Wireless spreading, pole by pole

Email|Print| Text size + By Kay Lazar
Globe Staff / February 28, 2008

The nodes are coming. Or as Robert Van Campen, president of the Everett Board of Aldermen, describes them, "gym lockers hanging on the side of utility poles."

With a seemingly insatiable public demand for more wireless phone coverage, Everett, Malden, and Chelsea are on a growing list of suburban communities targeted by a California-based telecommunications company that is building a new type of wireless network.

NextG Networks has sought permits in all three cities to install its digital antenna system, or DAS, on existing utility poles. The setup, called a node, includes fiber-optic cables and a small antenna that is attached near the top of a pole, and an amplifier that is connected about 12 feet above ground level. The amplifiers are in metal boxes that are about 3 feet long, sparking the comparison with gym lockers.

"I don't appreciate having something like that hanging on poles in the city, 10 or 12 feet above the ground," Van Campen said.

Neither, apparently, did officials in Malden and Chelsea. But after learning from their city solicitors that federal telecommunications law essentially grants carriers the right of way and leaves little room for communities to reject the requests, Malden last week approved NextG's petition for installations on nine poles, and Chelsea this week is finalizing a request for 10.

But Everett's Board of Aldermen rejected NextG's request in November to install about 20 nodes around the city, prompting the company to file a federal lawsuit on Friday calling Everett's denial "particularly egregious" and "completely subjective," and requesting a court order allowing the installations to proceed.

NextG's push into suburbia comes at a time when many communities are struggling with the "double-pole" phenomenon.

Utility companies often bolt a new pole next to a rotting one for months as they wait for other service providers - telephone, cable, street-light, fiber-optic - to remove their wires before the decaying pole is taken down.

"We are at the mercy of the utility companies that own the poles. So when NextG came before us, it compounded the problem," said Gary Christenson, Malden's City Council president. "Here we are, dealing with the issue of double poles, and it conjured up all the negativity around it. It wasn't so much what NextG was trying to do."

NextG is trying to install roughly 400 nodes in about 10 communities around Boston, according to Robert Delsman, NextG's vice president of government regulations and regulatory affairs.

Delsman declined to list all of the communities but said Brookline is one of them.

"We have another competitor in the Boston area called ExteNet, and they are doing a system in Brookline," Delsman said. "We have an application pending with Brookline . . . that is covering a larger area."

NextG, ExteNet, and others are vying to build digital antenna systems across the country for wireless companies that need to improve their coverage or expand their capacity.
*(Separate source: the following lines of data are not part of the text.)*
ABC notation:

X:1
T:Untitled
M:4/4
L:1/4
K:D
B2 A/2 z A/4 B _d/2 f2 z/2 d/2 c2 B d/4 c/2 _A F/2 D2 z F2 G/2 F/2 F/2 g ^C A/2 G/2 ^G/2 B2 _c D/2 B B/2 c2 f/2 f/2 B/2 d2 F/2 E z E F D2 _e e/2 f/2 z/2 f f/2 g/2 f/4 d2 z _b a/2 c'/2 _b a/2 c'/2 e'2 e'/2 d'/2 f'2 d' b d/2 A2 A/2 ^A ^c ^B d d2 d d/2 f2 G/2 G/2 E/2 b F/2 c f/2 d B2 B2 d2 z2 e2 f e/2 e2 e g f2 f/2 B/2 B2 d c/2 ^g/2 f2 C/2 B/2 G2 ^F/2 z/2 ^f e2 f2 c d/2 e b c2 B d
Fueling the stampede are consumers seeking more features with their cellphones - text messages, e-mail, downloaded music, and video.

As wireless companies face neighborhood resistance to cell towers, digital antenna systems are springing up as a more palatable solution.
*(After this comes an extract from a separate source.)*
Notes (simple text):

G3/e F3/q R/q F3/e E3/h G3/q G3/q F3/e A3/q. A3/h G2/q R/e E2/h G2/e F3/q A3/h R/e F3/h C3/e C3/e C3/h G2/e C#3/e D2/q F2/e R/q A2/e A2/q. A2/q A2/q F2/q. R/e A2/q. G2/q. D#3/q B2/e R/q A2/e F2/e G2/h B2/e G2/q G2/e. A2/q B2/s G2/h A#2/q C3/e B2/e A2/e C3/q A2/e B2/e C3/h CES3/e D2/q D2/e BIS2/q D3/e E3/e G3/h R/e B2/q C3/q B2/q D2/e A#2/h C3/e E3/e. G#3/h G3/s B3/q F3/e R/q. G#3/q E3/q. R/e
"In the Northeast, where there are densely populated residential areas and where local zoning regulations make the siting of traditional wireless structures unfeasible, oftentimes carriers find that DAS is an appropriate way to provide coverage within a specific area," said Jackie McCarthy, director of government relations for PCIA -The Wireless Infrastructure Association. "DAS becomes the only way to deploy signals in certain areas."

After hashing out the issue for several months in Malden, the City Council added five conditions to the agreement it reached with NextG last week.

Those conditions called for the company to install "the smallest available and least obtrusive" nodes on utility poles and to agree to remove all of its equipment within 30 days when a utility pole is being replaced. Everett officials say they rejected NextG's request last fall because the company provided fuzzy answers to many questions, including whether there would be any health impacts from radio frequencies emitted from the equipment. The firm provided the city with a report, included in its federal lawsuit, that indicated its equipment would emit less than 1 percent of federal permissible levels.

In interviews last Thursday, the day before the lawsuit was filed, Everett officials said they were leaning toward approving NextG's request, largely because the city solicitor advised them that Everett didn't have much chance of winning. Yet they said they would withhold their decision until after a scheduled March 10 public hearing to gather further feedback.

Then on Monday night, the city's Board of Aldermen met behind closed doors for 40 minutes to discuss the new lawsuit. After that executive session, the president announced that the city would seal its NextG records until the litigation is concluded, and that the planned March 10 hearing, at 7 p.m. in City Hall, would proceed. He declined to answer further questions, citing the pending litigation.